Populizm a demokracja - rozwiń temat

Transkrypt

Populizm a demokracja - rozwiń temat
Populizm a demokracja - rozwiń temat
Populizm i demokracja są pojęciami ściśle ze sobą związanymi.
Demokracja jest ustrojem, których cechuje rozwinięte kraje zwłaszcza
Europa i Stany Zjednoczone. Demokracja umożliwia uczestnictwo
wszystkim obywatelom w życiu publicznym i politycznym. Każdy ma
prawo do głosowania i każdy ma prawo do wyrażania swojej opinii i
zdania bez jakiejkolwiek ingerencji ze strony osób trzecich. Populizm
wkomponowuje się w ustrój demokratyczny ponieważ bazuje na
aktualnych problemach, które trapi społeczeństwo i dzięki
demokratycznym metodom populiści zdobywają rzesze poparcia. Mówi
się powszechnie, że populizm jest dzieckiem demokracji, ponieważ
populista wybierany jest w drodze demokratycznego głosowania będzie
on tak dostosowywał swój program polityczny do aktualnych problemów
aby zyskać poparcie ludności. Demokracja umożliwiła udział w życiu publicznym każdemu
obywatelowi, każdy obywatel może więc działać jako populista i
wykorzystywać trendy i tendencje w celu osiągnięcia zysku.
Demokracja pozwala każdemu brać udział w życiu politycznym i to bez
wątpienia jest dużym atutem tego ustroju, z drugiej zaś strony pojawia
się zagrożenie w postaci populizmu.
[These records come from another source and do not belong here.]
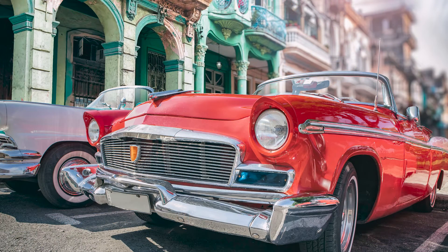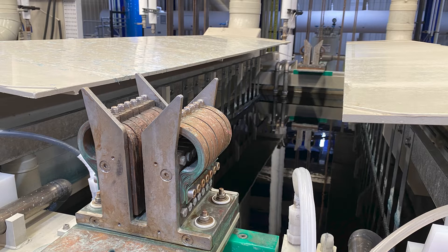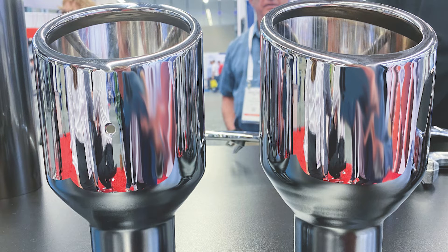As regulations tighten around the use of hexavalent chromium in finishing operations, many finishers are considering switching their current chrome plating processes to trivalent chemistries or adding a trivalent line to their current offerings.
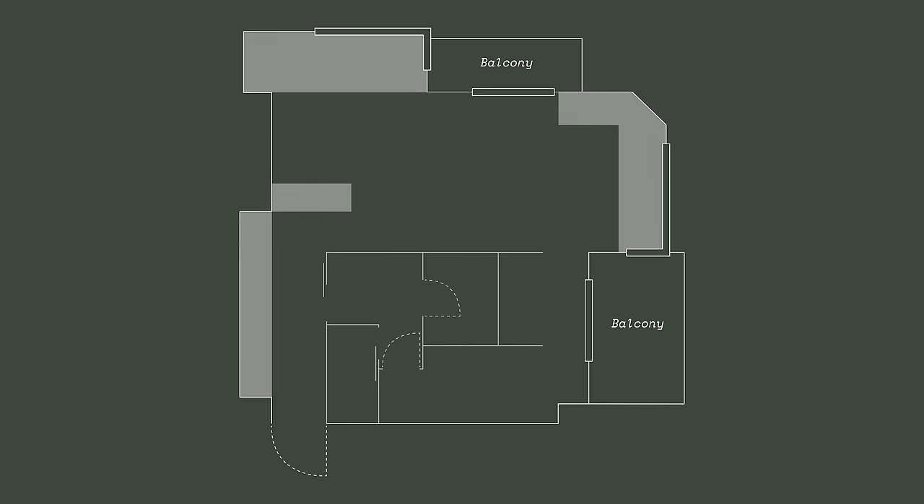We consulted with the client several times and came up with a floor plan featuring private rooms and a sense of spaciousness in the living and dining areas where they spend most of their time. The kitchen now shares the space with the dining and living areas.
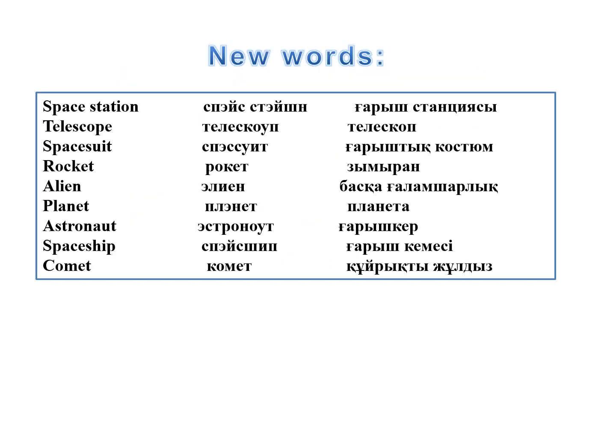We will continue our lesson. Okay, pupils, get acquainted with a new dictionary. Repeat after me, all together: Space Station. Telescope. Space Suit. Rocket. Alien. Planet. Astronaut. Space Ship. Comet.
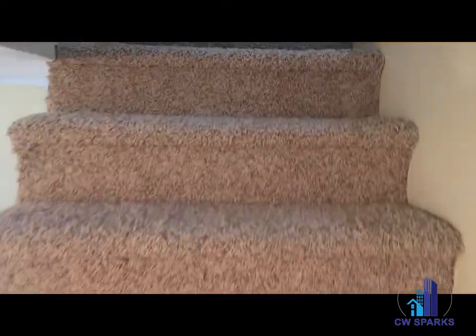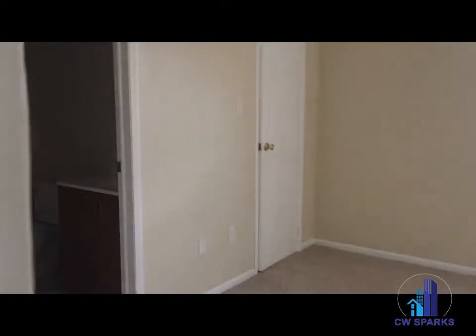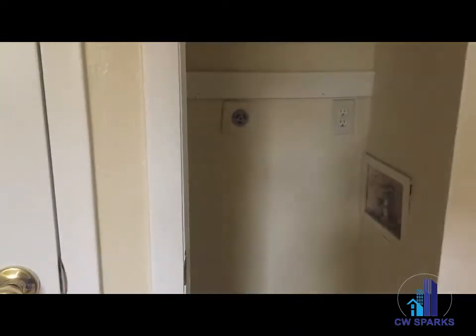Going up to the second level — new carpet up here as well. Both bedrooms have their own bathroom. There are also stackable washer and dryer connections here.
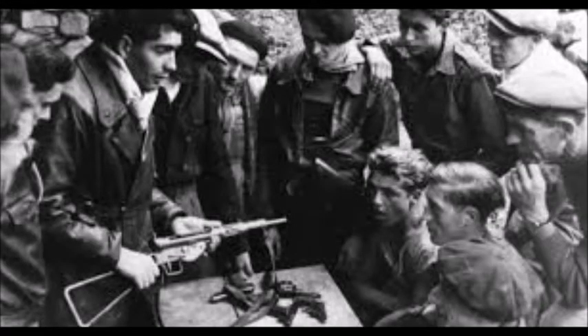Many French citizens did not like the Nazi occupation of their country and soon formed French resistance groups in the south. These resistance groups would help to liberate Paris and gain intelligence for D-Day.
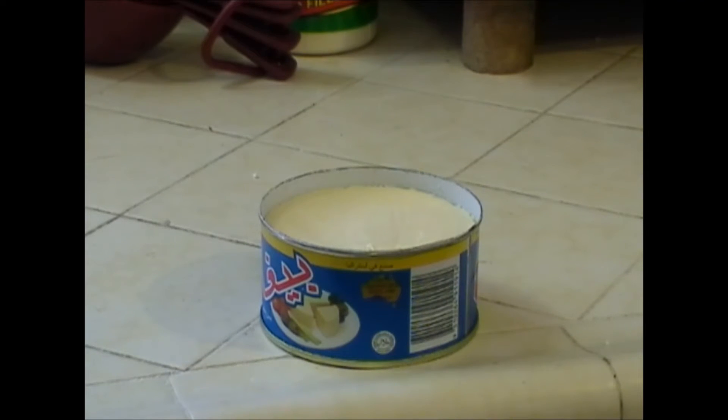Very good, very smooth, creamy-like texture. It has a very nice mild cheddar taste.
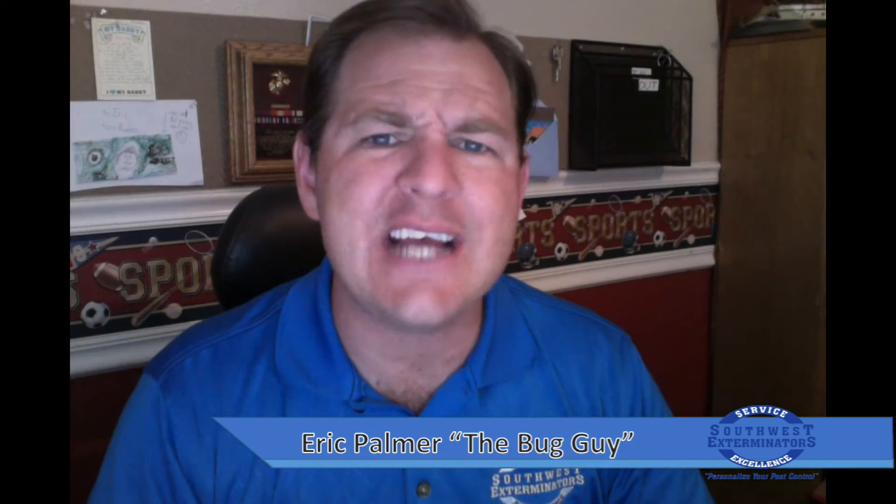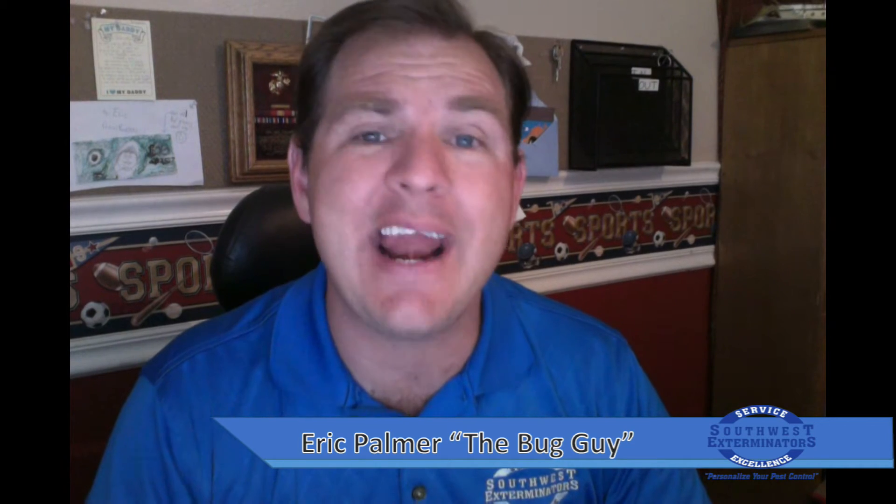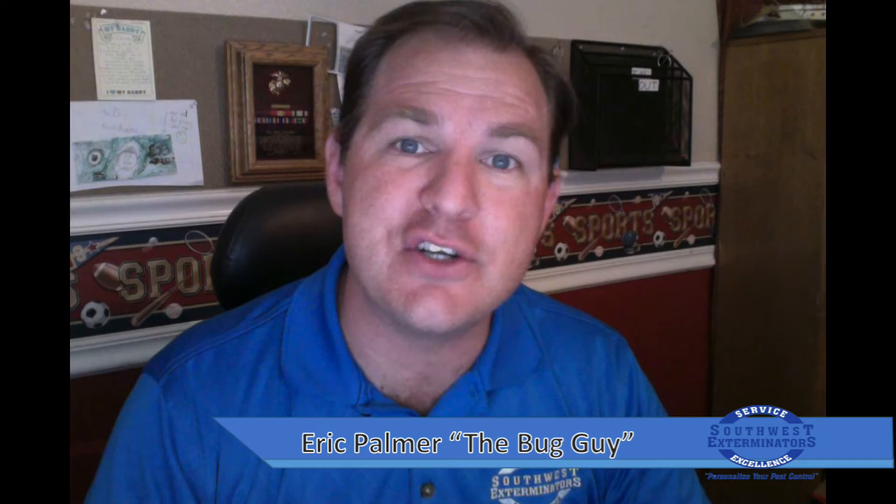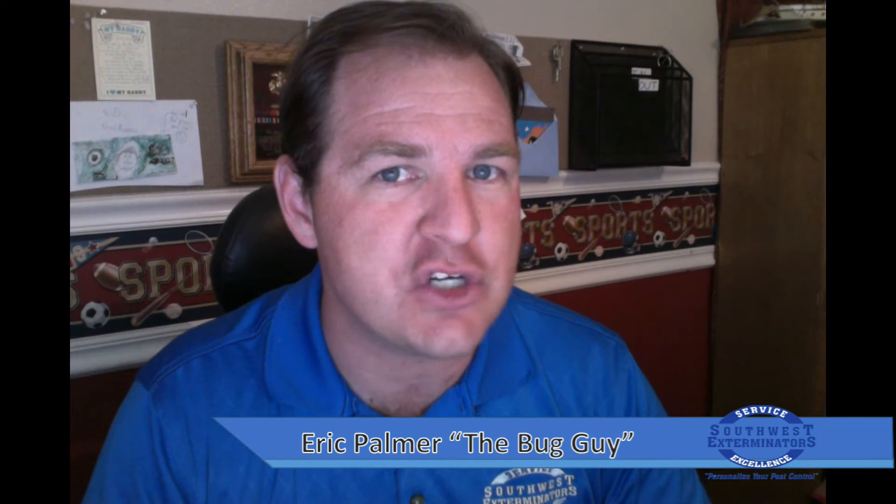Hello, this is Frequently Asked Questions Concerning Pest Control. My name is Eric, the Bug Guy Palmer, and I'm with Southwest Exterminators, where we personalize your pest control.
Populista dzięki demokracji,
mogąc kompletnie nie znać się na zarządzaniu państwem jest w stanie
dojść do władzy. Zarzuca się demokracji, że sama jest sobie winna iż
nie potrafi wyłapać populistów i w porę zapobiec ich sukcesom. Populizm cechuje krytyka władzy, jej przedstawicieli i sposobu
sprawowania samej władzy. Społeczeństwo bardzo łatwo wpada w
pułapkę populistów, zasłyszane hasła podchwytliwe koncepcje, bardzo
często przynoszą populistom upragnione efekty. Świat demokracji nie potrafi się przed populizmem bronić, najczęściej
bywa tak, że populizm dominuje w demokracjach najbardziej
rozwiniętych, gdzie powstaje cały szereg problemów, które stanowią
tylko wspaniałą pożywkę dla populistów. Badacze są przekonanie również o tym, że termin populizm mimo
swoich pejoratywnych ocen, jest doskonałą bronią polityczną. Z jednej
strony można każdego oskarżyć o populizm, z drugiej zaś każdy może
być ukrytym populistą. Politycy, którzy przed wyborami omawiają i
poruszają problemy społeczne, czasem zupełnie niepotrzebnie
otrzymują łatkę populistów ze strony swoich konkurentów. Bywa też tak,
że polityk głosząc pewne hasła robi to specjalnie po to aby osiągnąć
poparcie. Demokracja dla wielu jest ustrojem słabym, który nie jest w stanie sam
się obronić przed zagrożeniem terroryzmu czy populizmu. Historycy i
politologowie zwracają uwagę na przypadek Adolfa Hitlera, który do
perfekcji opanował technikę wykorzystywania nastrojów społecznych i
zwyciężył w demokratycznych wyborach, pokonując komunistów i
socjaldemokratów. Przypadek Hitlera jest najlepszym dowodem na siłę
populizmu, nikt przecież kto głosował na Hitlera nie przypuszczał do
czego doprowadzi jego radykalna polityka. Demokracja mimo swojej słabości doskonale się rozwija w krajach
zachodnich. Kolejnym przykładem populizmu w demokracji był polityk
Jorg Haider, austriacki nacjonalista, który wygrał wybory
demokratycznie. Haider wprowadził politykę nacjonalistyczną i
narodową, której Austriacy najwyraźniej potrzebowali. Neonazistowskie
poglądy Haidera zeszły więc na plan dalszy, Haider świetnie
wykorzystał nastroje społeczne i doszedł bez trudu do władzy. Populizm
jak widać jest zagrożeniem, które wciąż jest realne, wciąż może pojawić
się osoba, która dzięki przychylności systemu demokratycznego może
wprowadzić krwawy terror i reżim. Adolf Hitler nie był jedyny, takich przypadków historia zna mnóstwo.
Demokracja w dużej mierze daje się nabrać populistom.